Note that this is stricter than necessary. For the safety proof to work, a validator must be prohibited from casting a finalization vote within the span of another vote; it’s not necessary to prohibit any vote within the span of another vote. (A “finalization vote” is a vote from some checkpoint c to a direct child of c.)

Here’s a combination of votes which would be prohibited by the current Commandment II, but permitted by the more lenient variant. The gray nodes are justified, and the green arrows represent votes.

casper

For this pattern of voting to be rational, we also need to tweak the fork choice rule. It currently states

FOLLOW THE CHAIN CONTAINING THE JUSTIFIED CHECKPOINT OF THE GREATEST HEIGHT

If we interpret this 100% literally, it’s not quite optimal. Block creators want to maximize the weight of their fork after their own block is added, not before.
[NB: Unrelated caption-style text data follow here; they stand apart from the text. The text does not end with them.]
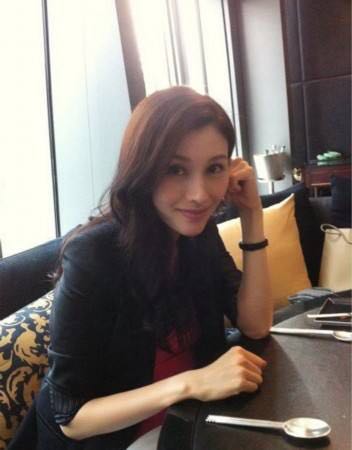 「李若彤」52岁的李若彤彻底放开了,迷上养眼裙装,小龙女变身苏妲己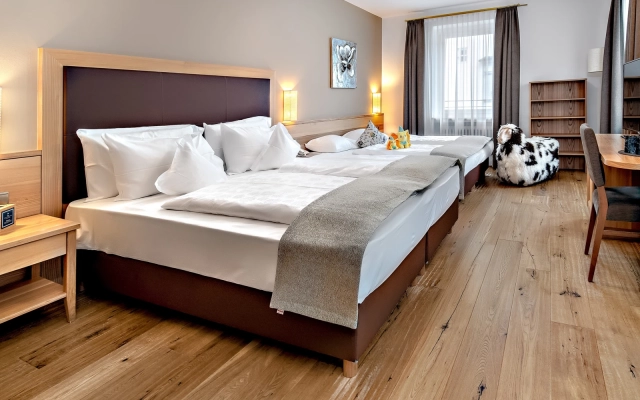 Superior Family Room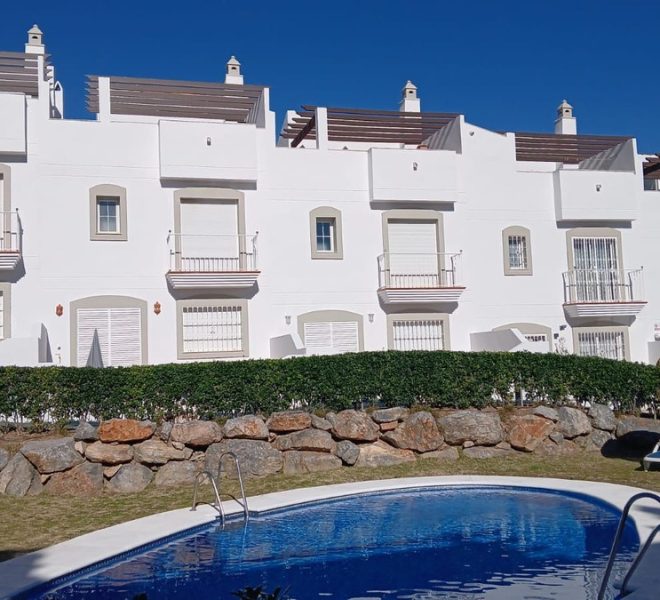 R4749211-Image 1-Terraced - 3 Beds - 189 Built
So if a block creator sees a supermajority for 1 -> 5b, they should follow 5b and make it justified, even though 5a had the greater weight before.

Consider a voter who has already voted 2a -> 4a. It’s time to vote for \text{h} = 5, and they observe that 1 -> 5b is close to a supermajority. (This wouldn’t happen if all validators had perfect information, but most of the network might not be aware of 2a’s justified status.)

With the previous rule, this validator’s vote has no use. They can either abstain, or vote 2a -> 5a which is doomed to fail. With the more lenient rule, they can vote 1 -> 5b to increase the chance that 5b becomes justified. If it does, that’s good for the network, since it creates an opportunity to finalize a checkpoint next time.

I’m thinking of using this Casper variant in a new protocol, so please let me know if anything doesn’t seem right :slight_smile: .

2 Likes

Seems reasonable to me.

Nice post.

I believe that you can find relevant material here: The weaker voting/slashing rule is already assumed in this post. The post sheds further insight on Casper using a BFT lens.

3 Likes

Thank you for the link! It sounds like these are the differences between Hot-Stuff and Casper?

  1. The weaker voting rule is used.
  2. Votes are sent to an aggregator, who broadcasts a threshold signature.
  3. Commit certificates are presented on-chain.

Re #2, it seems alright for Casper to do n-to-n propagation within a shard, since there’s only one round of voting per block (or 100 blocks?), and the votes would probably be small compared to transaction data. But I think the Ethereum devs are planning to use BLS (or possibly SNARKs?) for vote aggregation, so that small certificates can be presented to other shards, and maybe to light clients.

2 Likes

yes, good summary! and indeed, 1, 2, and 3 are orthogonal, you can have each one without the others.